▶ [What is being asked] The required answer is an exact copy of every line from the beginning of the entries through the line with "A view of Jade", with all pictures omitted.

▶ [Data section]

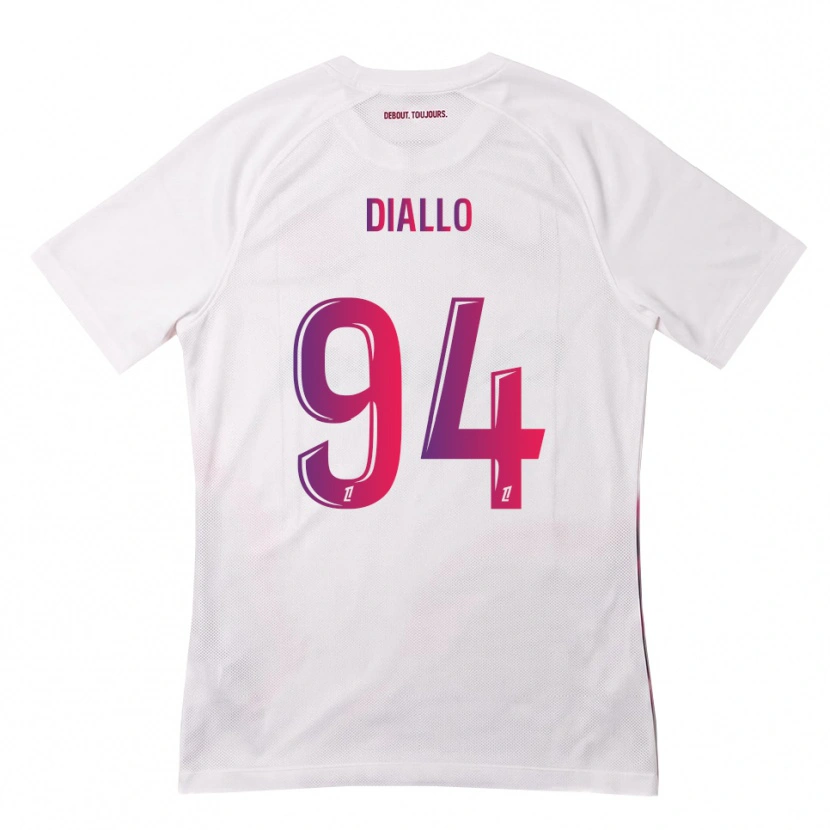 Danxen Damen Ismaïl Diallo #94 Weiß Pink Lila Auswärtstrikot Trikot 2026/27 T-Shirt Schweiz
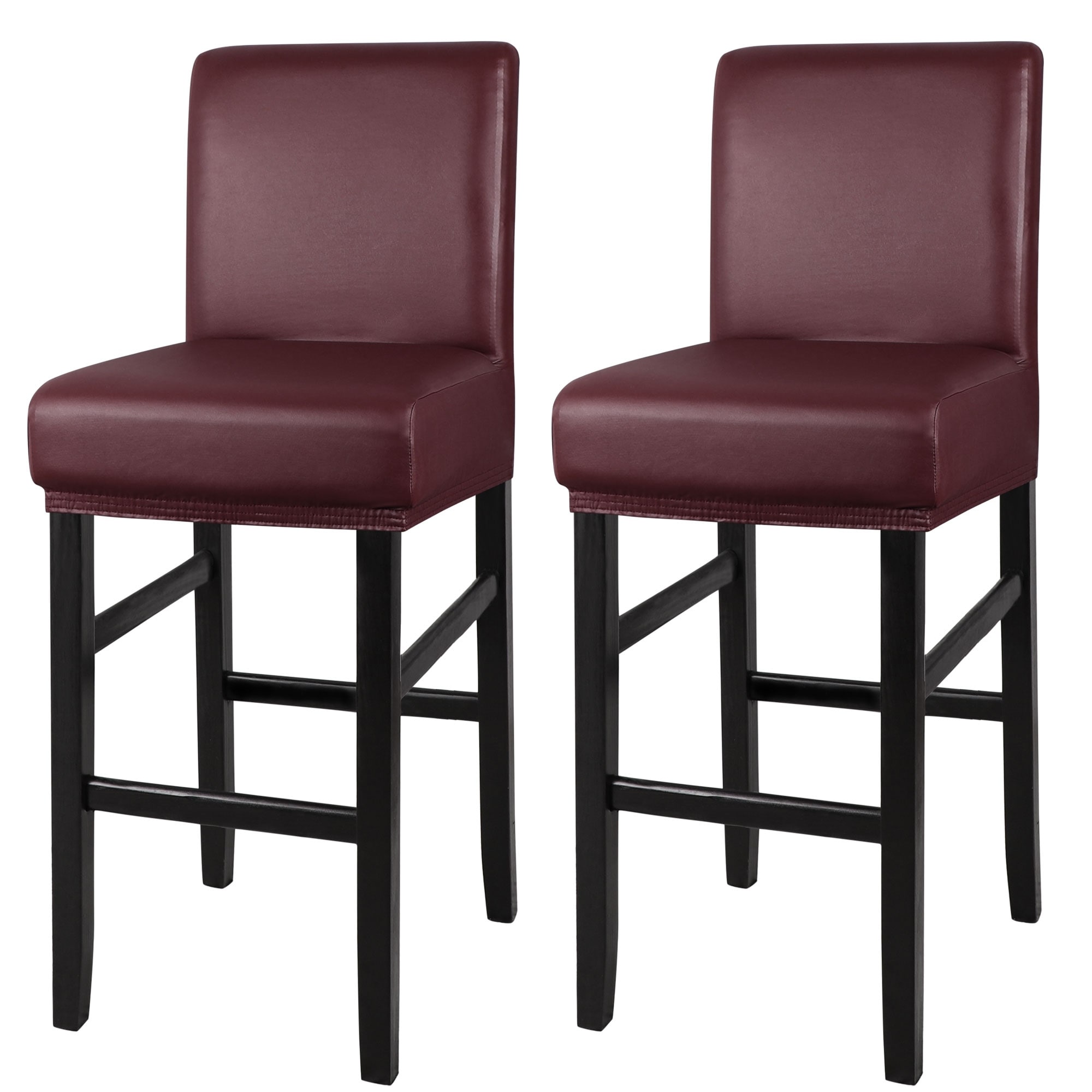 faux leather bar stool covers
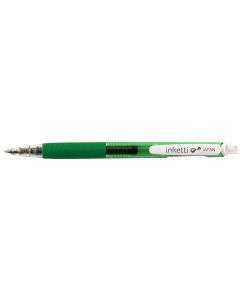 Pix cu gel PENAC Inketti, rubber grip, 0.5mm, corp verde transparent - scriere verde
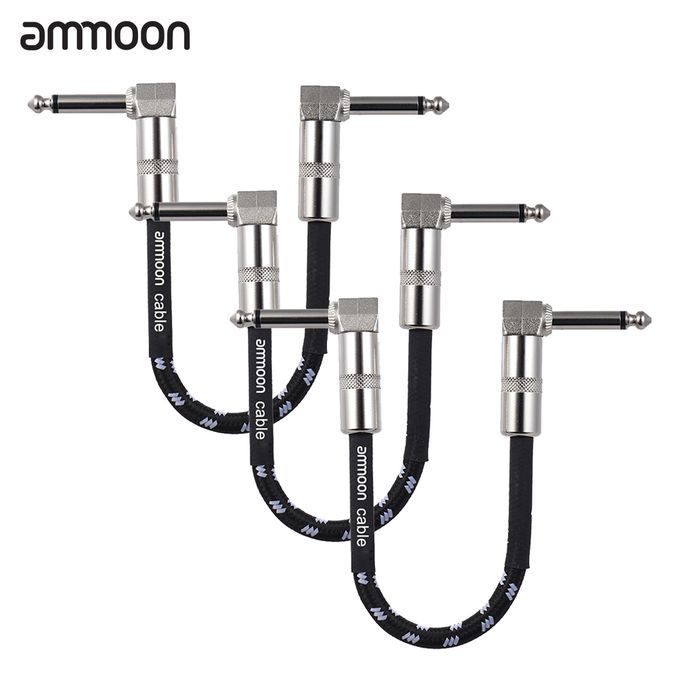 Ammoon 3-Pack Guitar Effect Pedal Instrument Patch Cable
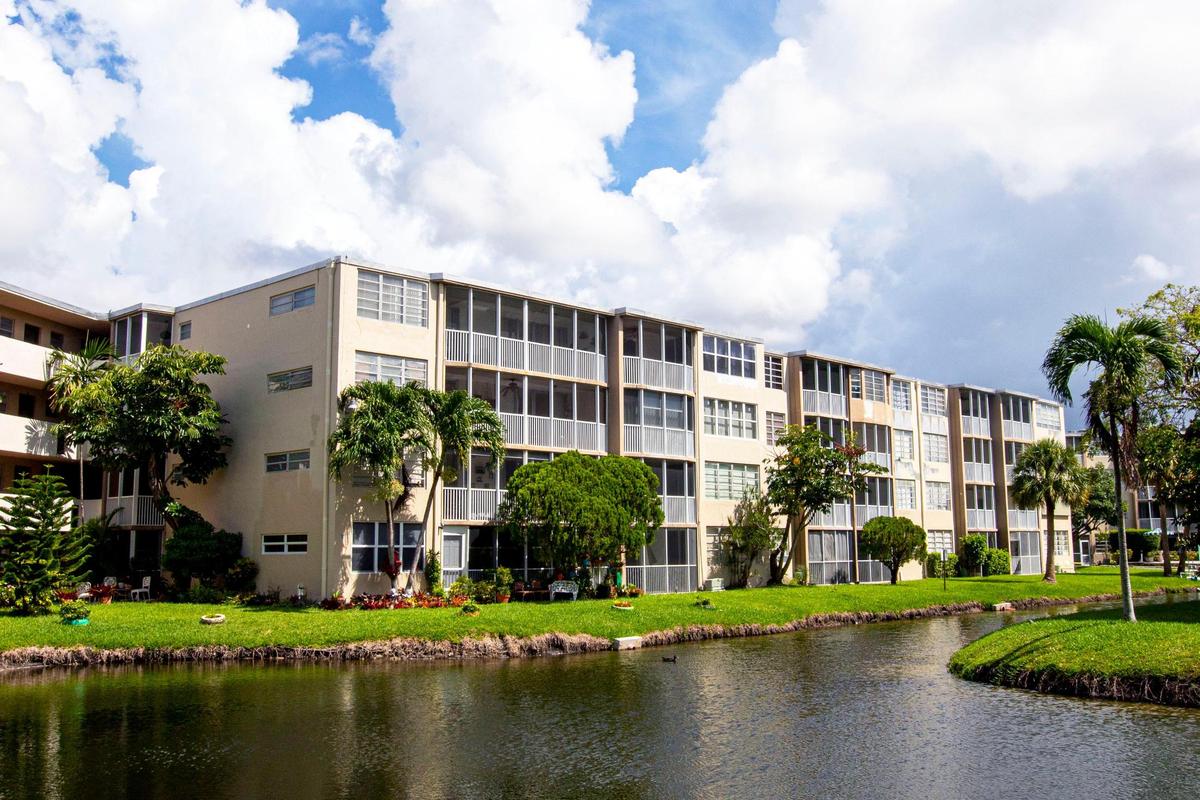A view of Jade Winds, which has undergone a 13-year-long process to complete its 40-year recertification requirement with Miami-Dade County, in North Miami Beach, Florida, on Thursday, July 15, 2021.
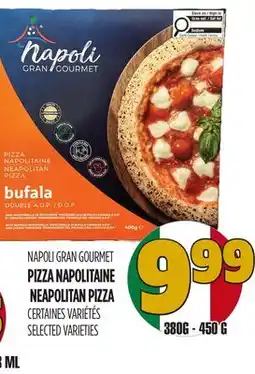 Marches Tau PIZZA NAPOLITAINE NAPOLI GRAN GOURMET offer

▶ [Finished exercise]
 Danxen Damen Ismaïl Diallo #94 Weiß Pink Lila Auswärtstrikot Trikot 2026/27 T-Shirt Schweiz
 faux leather bar stool covers
 Pix cu gel PENAC Inketti, rubber grip, 0.5mm, corp verde transparent - scriere verde
 Ammoon 3-Pack Guitar Effect Pedal Instrument Patch Cable
A view of Jade Winds, which has undergone a 13-year-long process to complete its 40-year recertification requirement with Miami-Dade County, in North Miami Beach, Florida, on Thursday, July 15, 2021.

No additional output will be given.